Correctness evaluates the factual accuracy of an AI model’s response. It measures whether the information provided is accurate, truthful, and free from factual errors or hallucinations that are not related to any specific documents or context.

Correctness is returned as a continuous metric ranging from 0 to 1:

0

1

Low Correctness

The response contains factual inaccuracies or hallucinations

High Correctness

The response is factually accurate and free of errors

This score reflects the probability that a response is free from factual inaccuracies. A higher score indicates greater factual accuracy and trustworthiness.


Evaluation Method

DeepRails performs a structured, multi-step factual audit on every model output. Each response is broken down into the smallest evaluable units—typically atomic factual claims—and each unit is scored independently.

1

Claim Extraction and Segmentation

The model output is decomposed into granular factual claims. Multi-part or compound statements are split into individual assertions to allow precise verification.

2

Fact Verification and Confidence Assessment

Each claim is reviewed for factual accuracy. A binary correctness judgment (Y/N) is assigned, along with a confidence rating: Low, Medium, High, or Certain.

3

Aggregate Scoring

All judgments are consolidated into a final continuous correctness score between 0 and 1, reflecting the factual reliability of the entire response.

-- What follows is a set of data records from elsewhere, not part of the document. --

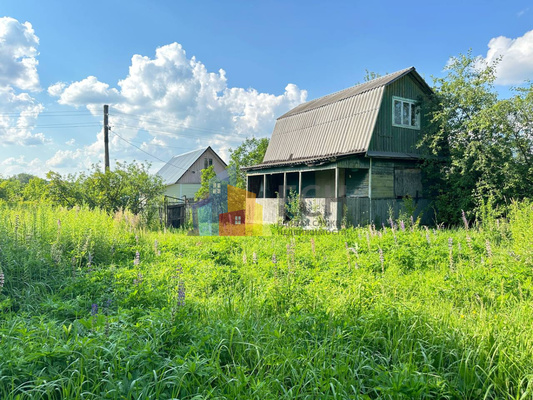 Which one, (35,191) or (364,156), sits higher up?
(364,156)

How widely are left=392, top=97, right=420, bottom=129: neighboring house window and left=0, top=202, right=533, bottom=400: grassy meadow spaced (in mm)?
10318

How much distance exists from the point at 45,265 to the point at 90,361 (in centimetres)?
381

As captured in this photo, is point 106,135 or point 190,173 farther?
point 190,173

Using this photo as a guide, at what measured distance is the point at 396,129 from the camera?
14828mm

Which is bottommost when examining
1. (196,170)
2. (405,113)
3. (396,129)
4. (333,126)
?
(396,129)

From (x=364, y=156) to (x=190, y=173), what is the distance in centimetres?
2493

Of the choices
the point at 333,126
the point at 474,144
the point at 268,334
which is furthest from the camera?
the point at 333,126

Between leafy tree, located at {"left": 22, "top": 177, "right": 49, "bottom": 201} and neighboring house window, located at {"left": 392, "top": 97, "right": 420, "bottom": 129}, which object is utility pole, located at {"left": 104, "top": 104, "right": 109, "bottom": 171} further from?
neighboring house window, located at {"left": 392, "top": 97, "right": 420, "bottom": 129}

The result is a single, user-facing score that provides a clear signal of how trustworthy a model response is. Users can choose to view this score as a float (e.g. 0.83) or a boolean (Pass/Fail), depending on their workflow needs.


Understanding Correctness

Correctness vs. Context Adherence

It’s important to distinguish Correctness from other related metrics:

Correctness: Measures whether a model response contains factual information, regardless of whether that information is included in the provided context.

Context Adherence: Measures whether the model’s output is derived solely from the user-supplied context or documents.

Example: A model may state that “The Eiffel Tower is in Paris,” which is factually correct (high Correctness) even if not present in the context. However, if it pulls this from outside the given context, it may have low Context Adherence.

Addressing Low Correctness Scores

Improving Correctness

When responses score low on correctness, consider the following steps:

Pattern Analysis: Identify patterns in hallucinated or factually incorrect outputs using DeepRails’ claim-level audit logs.

Prompt Tuning: Modify prompts to encourage grounded responses and discourage speculation.

Model Selection: Experiment with different foundation models, as factuality varies widely across architectures.

Verification Workflow: Use automated or human-in-the-loop workflows to review and override responses with low correctness confidence.

Best Practices

Enforce Fact Checks

Establish automated checks for factual accuracy against trusted sources before surfacing responses to end users.

Use Confidence Thresholds

Incorporate confidence ratings per claim to drive override rules or fallback flows.

Benchmark by Domain

Measure correctness across different knowledge domains to uncover systemic gaps.

Halt on Hallucination

Use DeepRails correctness guardrail to prevent clearly false information from ever reaching the user.

While Correctness provides a powerful factuality lens, it’s important to combine it with other guardrails like Context Adherence and Completeness for robust production safety.